Massive rainfalls on Wednesday have caused damage, casualties and transportation impairments in Germany’s North Rhine Westphalia (NRW) state, posing a threat to steel mill deliveries.

The floods have rendered roads impassable, caused train cancellations, and filled streams and rivers up to their maximum marking point. At least 20 people have been killed in the floods, civilians as well as firemen and other emergency staff, it was reported on Thursday afternoon. The most damage has been caused in the Eifel mountains in southern NRW, along the Belgian/Luxembourg border, but also on the Ruhr.

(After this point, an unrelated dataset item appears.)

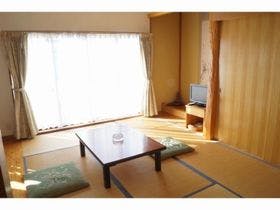 伊豆白浜海岸　ペンションタートルハウス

Kallanish understands that the place hit worst by the rainfalls is Hagen on the eastern end of the Ruhr Valley, with a water volume of 230 litres per m². Hagen and its district Hohenlimburg is the home of most of Germany’s specialised cold-rollers, which mainly serve the automotive industry, like Wälzholz, Bilstein, or Boecker+Wender Stahl (BWS). It is also home to Hoesch Hohenlimburg, thyssenkrupp’s mill for rolling medium wide strip.

Apart from coil, another product group whose dispatches could suffer delays is special bar qualities produced by Deutsche Edelstahlwerke, which has plants in Hagen and nearby Witten.

According to radio reports, some people working at steel plants in Hagen had to be rescued by boat, but it remained unclear from which companies. One fireman was killed in Werdohl, the headquarters of alloys producer VDM, whose works fire brigade was involved in emergency measures in the region.

The big mills of thyssenkrupp, along with Hüttenwerke Krupp-Mannesmann (HKM) and a long products site of ArcelorMittal are located in Duisburg further west along the Ruhr. As water levels in the wider region have risen overall, they will be affected to some degree, too.